Dr. Kenneth C. Jezek
Kenneth C. Jezek received the B.S. degree in Physics from the University of Illinois in 1973 and went on to receive M.S. and Ph.D. degrees in Geophysics from the University of Wisconsin , Madison where he studied the behavior of the Ross Ice Shelf Antarctica using ice sounding radar data collected during several visits to the Antarctic. Before joining Ohio State University ’s Byrd Polar Research Center , Dr. Jezek was a geophysicist with the U.S. Army Cold Regions Research and Engineering Laboratory. There, he researched the electromagnetic and acoustical properties of sea ice in the lab and in the Arctic . He also served a two-year period as manager of NASA’s polar oceans and ice sheets program. Dr. Jezek is the Principal Investigator on the RADARSAT-1 Antarctic Mapping Project. In June 2000, the RAMP team was the recipient of a NASA Group Achievement Award for its comprehensive study of the Antarctic continent.

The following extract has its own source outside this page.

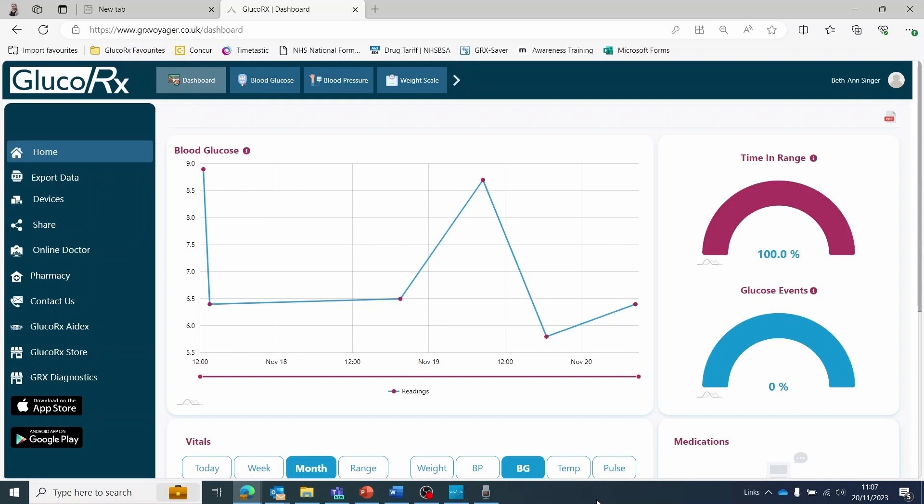If you have connected any of the GRx diagnostic devices, their recent data will also be shown on this page.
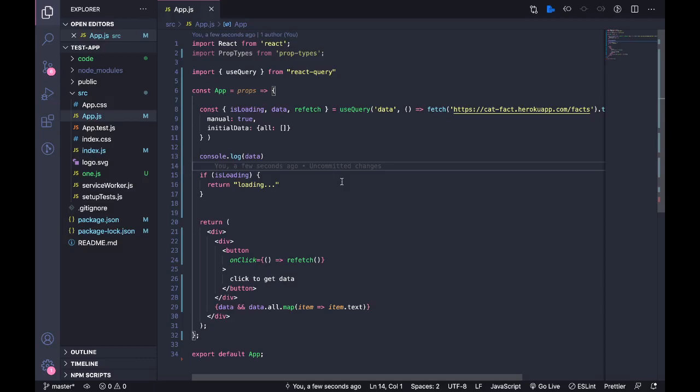I would highly recommend you dig deep into this. I will be posting a lot of videos related to React Query - I'm going to check out each and every function they give and kind of implement it and see what happens.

Antarctica is Earth’s coldest, windiest, and on average highest of continent. Because of its harsh climate and because it is often covered by clouds or shrouded in darkness during the long polar night, much of Antarctica remained poorly mapped till the end of the last decade. Then in 1997, NASA and the Canadian Space Agency embarked on a collaboration to obtain the first, high resolution synthetic aperture radar image of the southern continent. The first imaging campaign was successfully completed in October 1997 and achieved the primary goal of producing a stunning, new view of Antarctica . It revealed in unprecedented detail extensive networks of ice streams, the positions of ice divides and the ice margin, and even hinted about processes occurring at the base of the ice sheet. Following up on results from the 1997 effort, a second acquisition campaign occurred in the fall of 2000. Along with providing a second benchmark for measuring changes in ice sheet extent, the 2000 campaign collected interferometric data over much of the ice sheet. These data are being used to measure the surface velocity of the ice sheet, an important parameter for estimating ice sheet mass balance and for understanding the response of the ice sheet to changing climate.
This presentation summarizes results from the 1997 and 2000 imaging campaigns. In addition to describing glaciological processes captured in the image mosaics, the RADARSAT 1997/00 data are compared to assess spatial patterns in ice margin advance/retreat, which are themselves contrasted with earlier estimates of ice sheet behavior. Surface velocity data over newly discovered East Antarctic ice streams. These are used to estimate ice stream mass balance the role of these ice streams on the stability of the East Antarctic Ice Sheet.